As I actually have to go to work in 10 minutes I will just put up the pics of the wip Lord I have going on. This is about an hours worth of work, very basic, and I have no idea yet where I will end up as this is the first model to get paint and will become the basis for the entire army.



















Those of you who know my painting style will know that I am very fond of metallic paints and that I tend to use a fair bit of them even on models that don't always call for it. Because of this, I think that Necrons are going to be a very good match with my painting style as the entire army is metal. I do intend to break it up a bit with matte colours as well but the 90% look is something I dig.


----------



## Khorne's Fist (Jul 18, 2008)

Will be following this with interest. Considering that's only an hours work, this should turn into another masterclass in painting metallics.


----------



## NightlySyns (Oct 25, 2010)

Subscribed. I love your Thousand Sons. I'm sure the Crons will be amazing.


----------



## Midge913 (Oct 21, 2010)

Very cool! Glad to see you back in the painting threads mate and I look forward to some metallic Necron goodness. 

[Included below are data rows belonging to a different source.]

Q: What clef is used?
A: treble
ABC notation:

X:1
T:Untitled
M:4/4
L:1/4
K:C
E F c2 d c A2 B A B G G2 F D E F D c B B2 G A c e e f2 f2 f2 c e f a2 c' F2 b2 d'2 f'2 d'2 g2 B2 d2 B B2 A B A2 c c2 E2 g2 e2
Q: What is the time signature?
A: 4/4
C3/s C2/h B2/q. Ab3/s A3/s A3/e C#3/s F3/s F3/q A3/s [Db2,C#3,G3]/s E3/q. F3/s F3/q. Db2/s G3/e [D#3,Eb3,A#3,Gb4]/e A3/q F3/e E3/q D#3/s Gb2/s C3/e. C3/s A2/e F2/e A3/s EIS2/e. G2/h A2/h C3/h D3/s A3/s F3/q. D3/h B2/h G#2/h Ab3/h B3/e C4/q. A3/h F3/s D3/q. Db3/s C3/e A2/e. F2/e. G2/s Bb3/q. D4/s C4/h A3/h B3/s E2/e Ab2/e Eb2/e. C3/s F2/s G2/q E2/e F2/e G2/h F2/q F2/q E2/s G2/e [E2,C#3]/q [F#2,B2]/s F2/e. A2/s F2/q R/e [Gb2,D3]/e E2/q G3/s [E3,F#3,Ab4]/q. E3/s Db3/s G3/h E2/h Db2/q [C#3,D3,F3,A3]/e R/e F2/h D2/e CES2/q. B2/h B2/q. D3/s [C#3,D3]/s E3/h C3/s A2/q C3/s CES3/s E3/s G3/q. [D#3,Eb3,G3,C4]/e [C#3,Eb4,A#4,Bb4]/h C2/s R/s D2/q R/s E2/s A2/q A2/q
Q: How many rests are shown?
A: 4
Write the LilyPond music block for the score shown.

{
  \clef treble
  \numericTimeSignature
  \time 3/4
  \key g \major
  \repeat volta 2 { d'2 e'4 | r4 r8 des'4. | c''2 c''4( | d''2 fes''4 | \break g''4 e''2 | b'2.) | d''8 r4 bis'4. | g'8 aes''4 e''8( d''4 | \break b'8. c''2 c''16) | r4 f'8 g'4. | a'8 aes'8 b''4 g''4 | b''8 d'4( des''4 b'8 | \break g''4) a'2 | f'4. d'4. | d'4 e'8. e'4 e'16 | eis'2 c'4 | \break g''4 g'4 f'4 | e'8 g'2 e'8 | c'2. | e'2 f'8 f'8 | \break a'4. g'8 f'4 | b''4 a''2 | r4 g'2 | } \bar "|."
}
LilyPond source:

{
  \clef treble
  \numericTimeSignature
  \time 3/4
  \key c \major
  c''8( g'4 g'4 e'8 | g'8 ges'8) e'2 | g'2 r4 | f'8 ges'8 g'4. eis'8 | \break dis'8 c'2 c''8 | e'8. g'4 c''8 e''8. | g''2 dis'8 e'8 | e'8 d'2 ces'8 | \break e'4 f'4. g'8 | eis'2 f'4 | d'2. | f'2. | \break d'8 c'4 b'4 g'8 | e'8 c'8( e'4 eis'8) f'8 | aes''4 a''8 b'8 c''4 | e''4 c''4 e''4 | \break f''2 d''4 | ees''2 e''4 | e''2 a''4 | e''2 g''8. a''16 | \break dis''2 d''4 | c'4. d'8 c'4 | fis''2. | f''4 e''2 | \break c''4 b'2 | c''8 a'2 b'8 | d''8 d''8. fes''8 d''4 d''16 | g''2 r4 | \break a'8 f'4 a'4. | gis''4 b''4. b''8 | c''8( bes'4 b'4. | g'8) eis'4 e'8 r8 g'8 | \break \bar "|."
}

To the model above, I really like the purple hue on that guys cloack tails. Is it levithan over silver?


----------



## The Wraithlord (Jan 1, 2007)

Yes it is but the difference in this army to others is that I am now using Privateer Press paints as I find them to be a bit better overall compared to GW. So that is a base of quick silver with a very small edge highlight of radiant platinum and a couple quick thin washes of leviathan.


Thanks for the interest guys, I will do my best to keep this updated a bit more regularly than I did with my other plogs.


----------



## Tossidin (Dec 10, 2008)

This is going to be interesting. Your logs have always been a favourite of mine so I will be following this one too I guess


----------



## Midge913 (Oct 21, 2010)

The Wraithlord said:


> Yes it is but the difference in this army to others is that I am now using Privateer Press paints as I find them to be a bit better overall compared to GW. So that is a base of quick silver with a very small edge highlight of radiant platinum and a couple quick thin washes of leviathan.
> 
> 
> Thanks for the interest guys, I will do my best to keep this updated a bit more regularly than I did with my other plogs.

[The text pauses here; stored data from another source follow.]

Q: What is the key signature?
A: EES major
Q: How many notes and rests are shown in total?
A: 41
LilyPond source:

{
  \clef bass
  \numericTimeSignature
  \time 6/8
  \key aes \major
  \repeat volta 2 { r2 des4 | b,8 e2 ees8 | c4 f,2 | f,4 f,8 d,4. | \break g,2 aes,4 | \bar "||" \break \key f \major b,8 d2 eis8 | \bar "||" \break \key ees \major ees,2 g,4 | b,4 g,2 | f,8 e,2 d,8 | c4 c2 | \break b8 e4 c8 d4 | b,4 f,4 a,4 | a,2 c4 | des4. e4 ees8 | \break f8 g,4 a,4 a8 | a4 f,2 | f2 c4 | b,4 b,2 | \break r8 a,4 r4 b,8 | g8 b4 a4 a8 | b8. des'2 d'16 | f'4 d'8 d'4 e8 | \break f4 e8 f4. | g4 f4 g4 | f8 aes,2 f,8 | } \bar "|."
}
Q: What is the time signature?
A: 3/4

Interesting that you say that. I too have found that I am really starting to prefer the P3 Formula paints over the other brands and I have been starting to stock them in my paint cabinet. If you have not used them already, I really recommend their inks, they are top notch.


----------



## Pride365 (Apr 17, 2012)

He looks really good for only an hour!


----------



## The Wraithlord (Jan 1, 2007)

Tossidin said:


> This is going to be interesting. Your logs have always been a favourite of mine so I will be following this one too I guess


Thanks Toss, 'preciate it.



> If you have not used them already, I really recommend their inks, they are top notch.


How would you compare them to the GW washes though? I make HEAVY use of the washes myself, to the point of actually painting models entirely opposite of normal by starting out at the brightest point I want to be and darkening the model down instead of starting dark and highlighting up. In fact most of my paint jobs since the washes came out are 90% repeated wash layering.

So more pics now too. These are the other new models I have assembled:


*Immortals* (the army is based on these guys as they kick serious ass all around)


















*Command/Annihilation Barge*: GW impressed me with this kit in that it is stupidly easy to use as either or without the need for magnets of any kind.










*Doom/Nightscythe*: Same again, easy to use as either or without magnets although the way the two bitz fit the model may require a magnet after enough usage.










*Ghost/Doomsday Ark*: This one was a bit trickier. The Necrons aren't magnetized but instead use a pin that goes right through the hull to support the opposite model. They can be easily removed so that the big cannon can be put in place when needed. I decided to keep the hull with the upwards swept arms because I like it the best and it made it FAR easier than trying to magnetize it for something fairly minor.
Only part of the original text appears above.